Hi. Sorry for the late reply; I was quite busy these days.

I didn't spend *too much* time on it. I mostly did it as a quick exercise. I played around with the volumes a bit to balance and position instruments (according to my liking) along with the help of Proximity for a more realistic distance feel.

I wanted to get a more intimate, "warm", live feel with a clean tail. So, I added some saturation for some grittiness and some EQing on the verb to make the tail a bit more prominent (tbh, maybe I overdid it a bit). Along with some EQ on the actual instruments to warm them up, boost some details and partly simulate air/room coloration. A little of those to every section.
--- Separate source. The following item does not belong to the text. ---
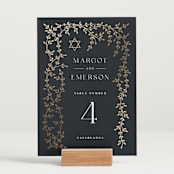 "Beautiful Chuppah" - Table Numbers in Midnight by Ana de Sousa - Displayed (stand not included)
Also, some fake vibrato on some instruments and some stereo band widening (for specific freqs).

Then some extra sat (harmonics), transient design, EQ and three different reverbs on the master each contributing slightly differently.

I did follow your seating plan; at least for the right positioning of second violins. Everything else was pretty much by ear and trial & error.

I had most trouble with the solo instruments and timpani. Wasn't that sure what to do with them. The timpani was a bit hard to tame and shape and I opted for not making the solo strings too prominent and rather use them to enhance the sections. I enjoyed working with the woodwinds the most.


----------



## Erik (Oct 19, 2015)

http://eotte.blogspot.nl/2015/10/bach-bwv-11.html (Herewith I would like to mention here a new page on my blog.)I plucked three tracks from this thread made by different members here and added two different tracks to offer you an overview of 5 examples.

Thanks to the other contributors even five times BWV11. If one of the contributors don't want to be on the list in the player just PM me please!

Feel free to add yours also!

Enjoy!


----------



## Beat Kaufmann (Oct 22, 2015)

Thanks Erik for your effort in connection with my files. Nice to see what all can be created with the same basic material.


----------